I personally don’t believe in them. That may sound naive or financially irresponsible to some, but we’re either taking the leap, or we’re not. If you don’t trust me or what I may be capable of, don’t marry me.
My first husband wanted a prenup, which was laughable, seeing as he had NOTHING to lose. He waited until two months before the wedding, and, while I was three months pregnant, to ask me. I felt trapped and heartbroken. Truth be told, had I not been pregnant, I would not have signed his stupid prenup, or gotten married.
Why plan for the divorce, for the worst? Why not plan for, and invest in, a long, healthy, happy marriage instead. What’s the point of saying “I do , until death do us part” if you’ve already signed a legal agreement saying “but, just in case”……

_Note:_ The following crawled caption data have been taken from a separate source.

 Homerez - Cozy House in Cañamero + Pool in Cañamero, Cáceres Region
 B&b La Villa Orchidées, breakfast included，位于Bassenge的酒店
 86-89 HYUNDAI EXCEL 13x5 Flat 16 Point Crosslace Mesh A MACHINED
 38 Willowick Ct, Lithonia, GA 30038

Miranda May 18, 2009, 5:30 PM

I don’t mind prenups if they are in “no-fault” states (pretty much meaning one partner can get a divorce for no reason and get EVERYTHING), especially if there is a disparity between incomes or a second marriage. Fortunately, I live in a state (NY) where divorces are only granted if both parties agree to the terms and conditions (meaning they have to agree on dividing everything up before it even gets to a courtroom) or in extreme cases (physical abuse, abandonment for greater than 12 months, etc.).
I also find it funny that a prenup is void in all states if it mentions sex because it is then considered solicitation.

DD May 18, 2009, 6:33 PM

Ha! Good info, Miranda! “No-fault” states (like California) also eliminate the ability to financially penalize a spouse for marriage wrong-doing (i.e. cheating).

Check out tomorrow’s post about post-nups in case you ever move away from New York!

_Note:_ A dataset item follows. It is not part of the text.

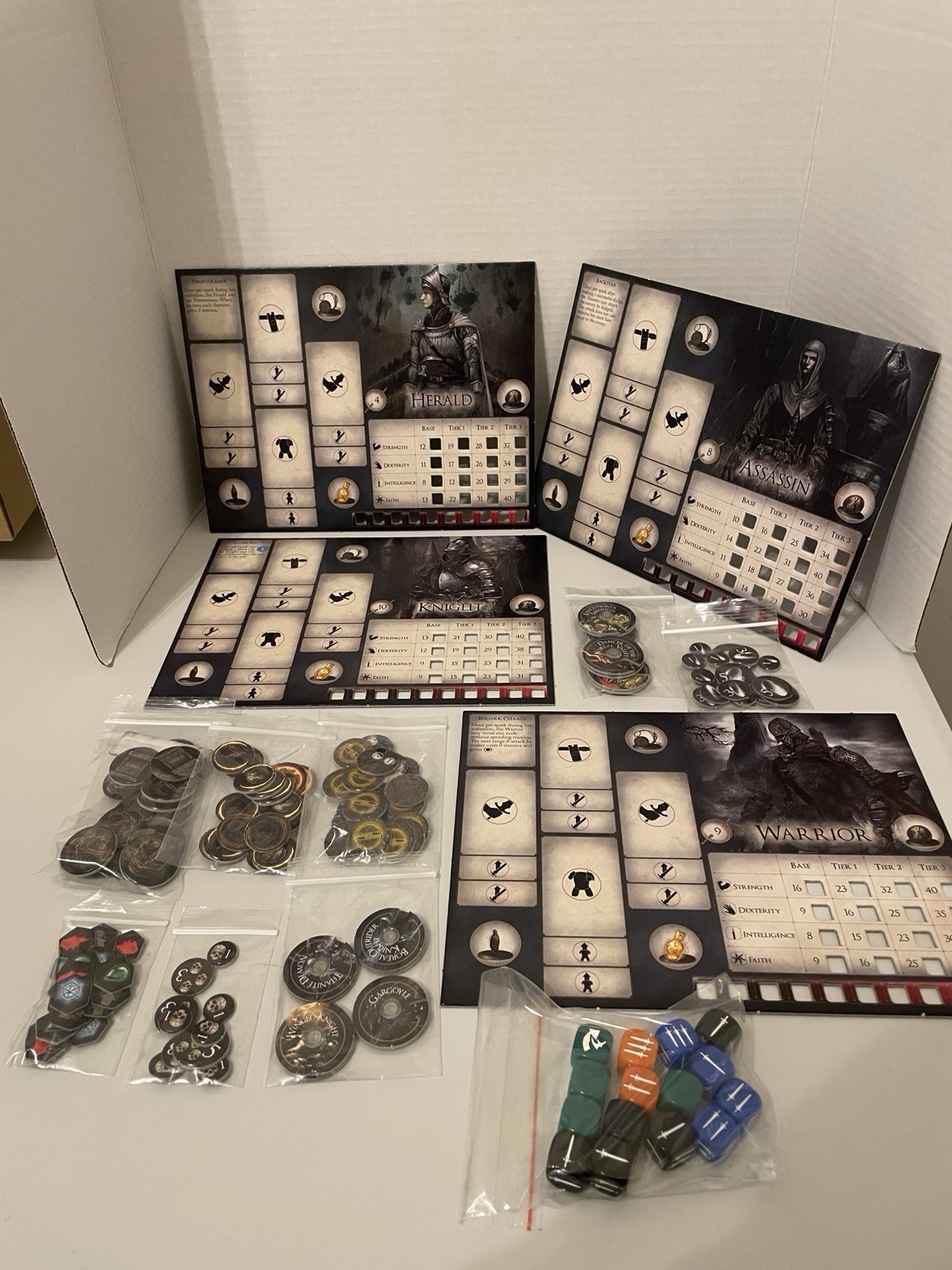 STEAMFORGED GAMES DARK SOULS THE BOARD GAME CORE SET COMPLETED EXCELLENT USED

Triniman76 May 18, 2009, 9:59 PM

I can make an arguement for pre-nups in some cases ie. professional athlete/entertainer marrying a “waitress” studying to be an “actress” or Oprah marrying me for arguements sake. Hahaha. The fact of the matter is… people get divorced and it’s naive to think that it could NEVER happen to you. I think that most couples when they decide to enter into a marriage have the best intentions, but nevertheless the divorce rate in the US is over 50%.

Nicole May 18, 2009, 11:26 PM

Here is a question for people that have a big problem with prenups - do you have homeowners insurance? Auto insurance? Nobody buys a house or drives a car expecting something bad to happen, but you don’t hear people saying “I don’t need to get that, it will never happen to me, I’m a really safe driver!” Replace that “safe driver” with “really in love” and it becomes a whole different ballgame. If you are planning on staying married forever (and most people do), then what is the harm in a piece of paper that says what will happen if you don’t? If that is what it takes to make your significant other feel truly comfortable and at ease, then I would not have a problem.

tanya EVANS May 18, 2009, 11:43 PM

I would have no problem with a prenump, I guess it would all depend on if my hubby wanted me to stay home and tend to kids and him 24/7, give up my work that I love so much etc!!! I believe whatever you had before you get married should remain separate… You hope you never divorce:( but if you do, I feel the amount should not be half… But fair… I would include a “promise to be fair should we ever divorce” claus in mine. :) Oh and a cheating claus”You cheat, I take ALL”


Southeast 619 May 20, 2009, 6:51 PM

With all these gold diggers out there these days its better safe then sorry.